«Если не скучаю я, не будет скучать и зритель»

– Вы как-то сказали, что когда оказываетесь долго без театральных премьер, начинаете скучать. «Русское варенье» появилась у вас после долгого перерыва в театре?

– Нет, недавно совсем, в ноябре или в декабре, мы сыграли премьеру спектакля «Белла Чао», и я еще в нем не очень уверенно себя чувствую, а вот уже и эта премьера приближается. Так что тут, наверное, все благополучно. Я имела в виду, что скучаю по репетициям в таком театре, как Школа современной пьесы, когда можно что-то долго обсуждать, долго спорить, долго пробовать. В антрепризе такой возможности нет, там надо прийти, собраться, сделать и – начать прокатывать спектакль. Здесь же, на репетициях «Русского варенья», я немножко расслабилась, хотя уже надо собираться, сидеть дома, учить текст.

– Пьеса вам сразу понравилась?

– Да. Пьеса замечательная. Ее бы осилить нам. Я даже не ожидала, что может получиться у Улицкой такая пьеса – полноценная, законченная, с финалом. Почему-то современные авторы не умеют писать финалы, или им не нужны в их пьесах финалы, не знаю, но нам, актерам, всегда приходится финалы доделывать, додумывать за драматургов. А здесь такой счастливый случай, что с пьесой очень мало приходится работать – в смысле, менять, переписывать, дописывать. С другой стороны, мне, например, показалось важным, чтобы была сцена некоего теплого, «семейного» разговора моей героини с дочерьми, и вот – тут же, пожалуйста, готовый монолог появляется. Когда автор жив-здоров, слава Богу, это, конечно, очень упрощает работу над спектаклем.

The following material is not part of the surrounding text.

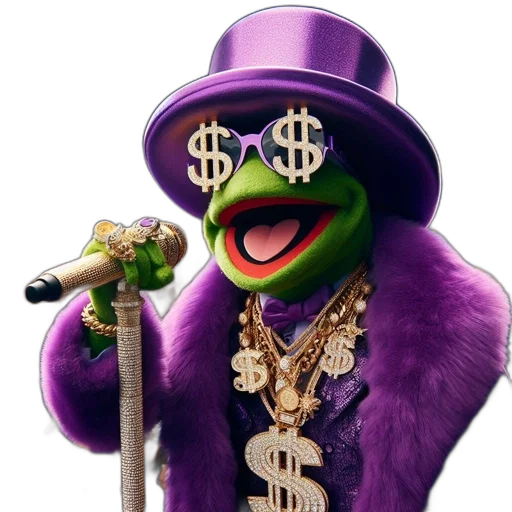 animal, jewelry, jacket, hat, concept art, kermit, frog, dresses transparent PNG cut-out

– Сейчас зачастую пьесы современных авторов редко когда годятся для больших сцен и крупных актеров. Но что такое вообще хорошая пьеса – для актера и для публики? Это одна и та же пьеса?

– У меня есть один критерий, и он меня не подводит; я не из самоуверенности говорю, а из опыта своего, я же десяток пьес в день читаю, поскольку работаю в антрепризе, которая живет в основном современными произведениями. Мне понятно, годится пьеса или нет, когда я только первый акт прочла. Критерий же такой: если не скучаю я, не будет скучать и зритель. Полагаюсь на себя. Если мне не понравится, меня можно потом уговорить попробовать, убедить, что я что-то не прочитала, не поняла, но очень скоро я понимаю, что зря трачу время, а такой роскоши я себе больше не позволяю. Так что первое впечатление – решающее. В этот период – с апреля по июнь – я, как правило, собираю новый спектакль. Ну, не я, а наша команда. А в этом году время подошло, а пьесы нет. И тут звонит Петр Гладилин и говорит: «Есть пьеса!» И принес прекрасную пьесу. Я до сих пор хожу озаренная, потому что понимаю, что мне есть, чем заняться, после премьеры у Райхельгауза. Это будет пьеса, в которой какие-то моменты можно будет обсуждать с автором – он драматург очень отзывчивый, не держится за каждое написанное им слово, очень прислушивается к актерам, что – большой плюс. И Улицкая такая же, не стоит насмерть за каждую букву, и я понимаю, что могу что-нибудь себе выпросить, если понадобится. Более того, я предложила в самом конце спектакля сыграть последнюю сцену из «Вишневого сада» Чехова – у Улицкой же очень много перекличек в «Русском варенье» и с «Вишневым садом», и с «Дядей Ваней», и с «Тремя сестрами». А я очень люблю «Вишневый сад», и в конце нашего спектакля я хочу просто выйти и, ничего не объясняя, сыграть последнюю сцену – прощание Раневской с домом.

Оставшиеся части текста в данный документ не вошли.